The Theory of Relativity
Published by Aundre | Filed under Uncategorized
we are a funky bunch of amateurs to life aren’t we?
I know I am, so this week Caroline told me she loved me. and I realized what a fool Ive been in terms of being confined by fear. Its ridiculous you know, that we are all not supposed to have this spirit of fear according to the bible. But that Ive been living life with so much fear that its held me back. I use the word crazy not to be exaggerate but to be completely honest. Like, I feel stupid for holding a part of me back.

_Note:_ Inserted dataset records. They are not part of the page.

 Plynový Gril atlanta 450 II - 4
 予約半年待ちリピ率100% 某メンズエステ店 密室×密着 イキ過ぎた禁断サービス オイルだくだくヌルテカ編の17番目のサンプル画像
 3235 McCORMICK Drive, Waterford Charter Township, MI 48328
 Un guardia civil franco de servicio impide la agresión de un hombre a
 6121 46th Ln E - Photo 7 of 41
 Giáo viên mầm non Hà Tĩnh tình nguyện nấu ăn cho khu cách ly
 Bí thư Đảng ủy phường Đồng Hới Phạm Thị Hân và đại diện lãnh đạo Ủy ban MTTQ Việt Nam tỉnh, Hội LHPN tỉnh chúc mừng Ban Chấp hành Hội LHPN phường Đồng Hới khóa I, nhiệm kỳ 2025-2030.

A part of me hates being like everyone else. So I react to society by trying to be a little different. Little stupid things like abstaining from face book or falling in love while in high school. But I guess although a lot of these things are trivial, I still feared stepping into each.
I mean, look at this guy. I called this photo the theory of relativity because fear is relative. And as long as we are in fear we are stuck in reverse. No doubt this guy totally was at that airport for hours and we was stretching. He didn’t care what others thought. He just started doing whatever that happens to be. And he seemed perfectly content in doing it.

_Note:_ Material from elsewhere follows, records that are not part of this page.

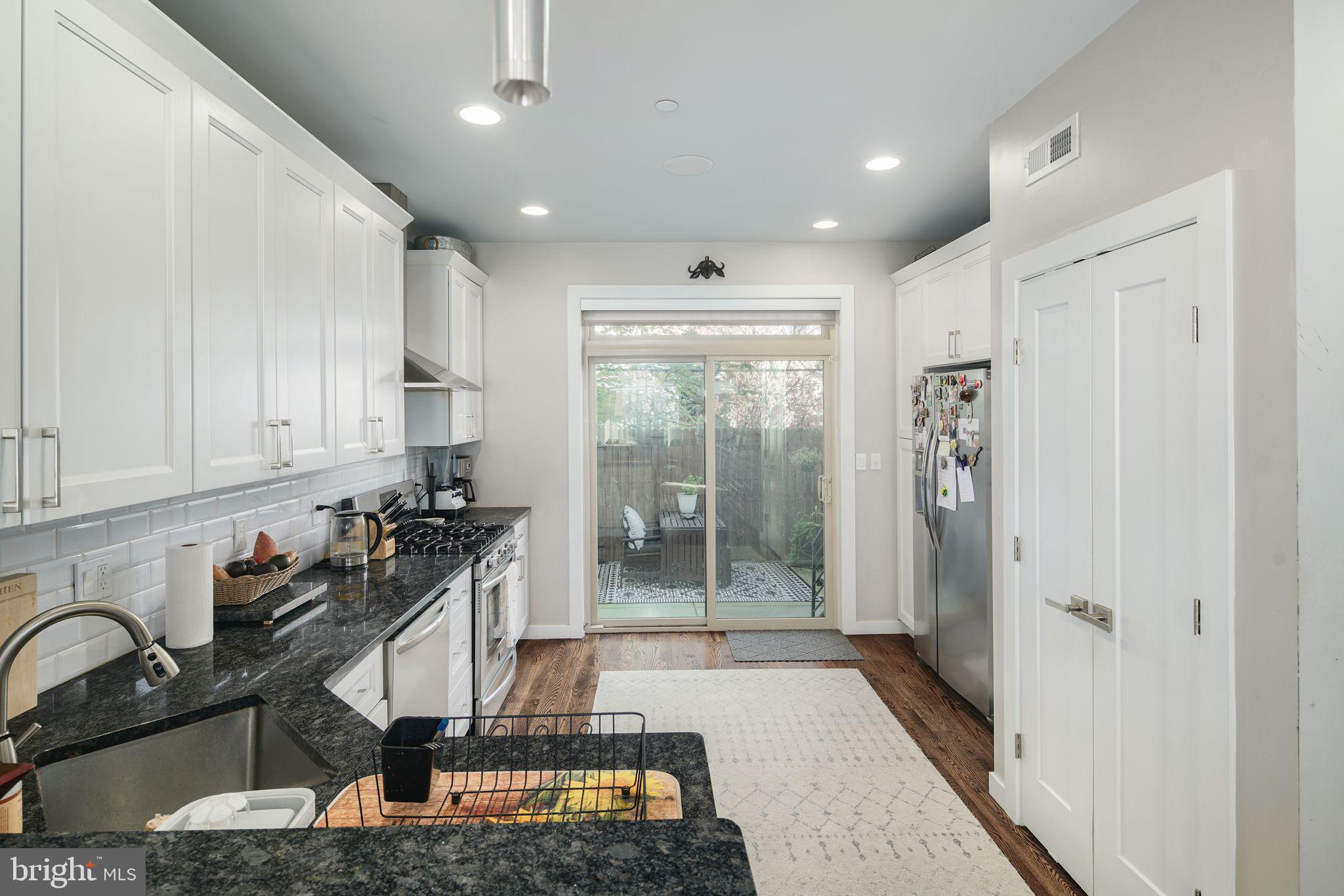 GRADUATE HOSPITAL - Residential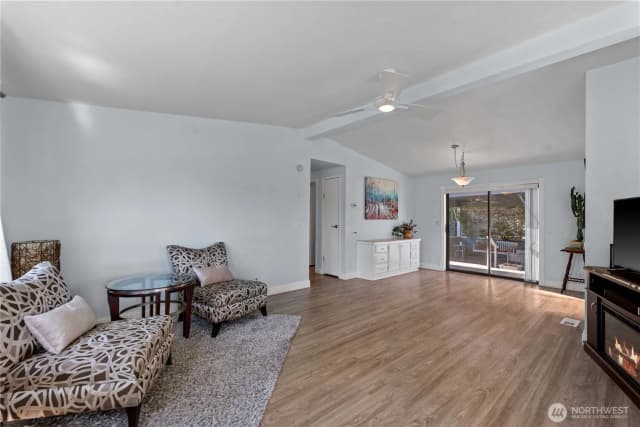 Property photo for 1306 Glacier Place #68, Wenatchee photo 3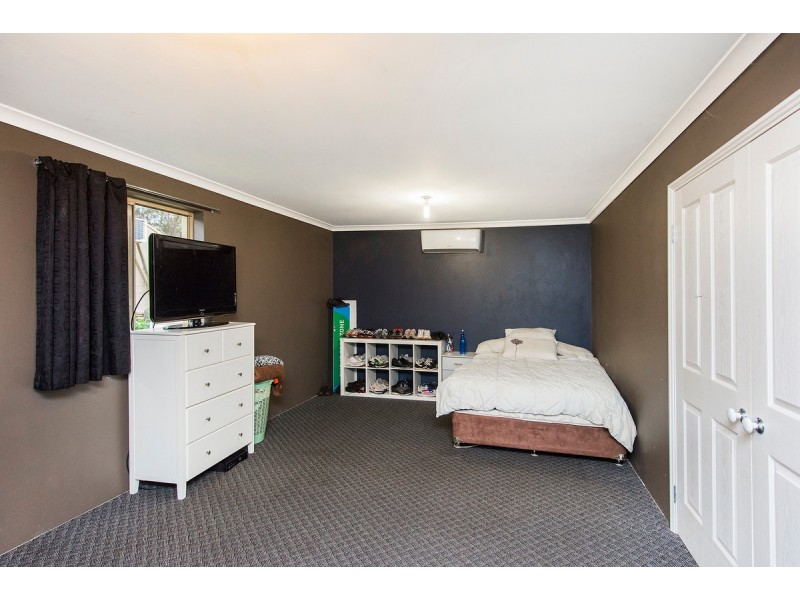 64 Kelvin Road, Wattle Grove WA 6107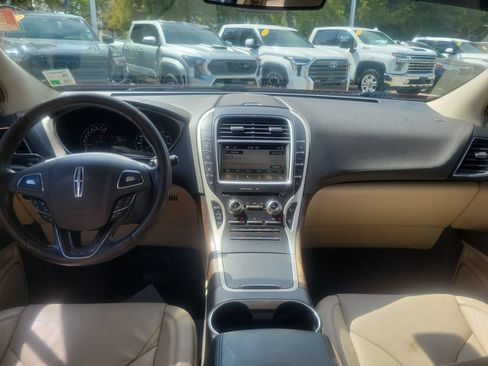 Used 2016 Lincoln MKX Reserve w/ Technology Package FWD image 24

Now, going in reverse is kind of a lame thing to do. But if I needed to stretch I would think twice about doing that because of what people walking by might think. Just like I thought for minutes after Caroline told me she loved me. I thought in fear.
I sat in this box confining myself to my perception that was altered by fear. I thank God for you Caroline and your ability to cause me to rethink life. So notice the guy in the photo seems free of all the other confining box like things in the photo. Whether its like the windows or tiles. He isnt sitting inside of them.
And we shouldnt be either. I shouldnt be afraid to love or to have a facebook for any reason. Especially a stupid one like the fear of being just another teen.
it makes me cold to think of all the things Ive missed as Ive sat inside my fear box waiting for stuff to come. But what am I going to do? I have to just kind of step out. I am proud to say I am no longer afraid of love, or at least im going to try to be.
Think about it. In my fear box, Ive lived life confined by something.. something that isn’t worth losing parts of life for.
it never will be.
So my promise to myself this summer is to eradicate my fear!
woot!
then I can wear green shoes and stretch in the airport.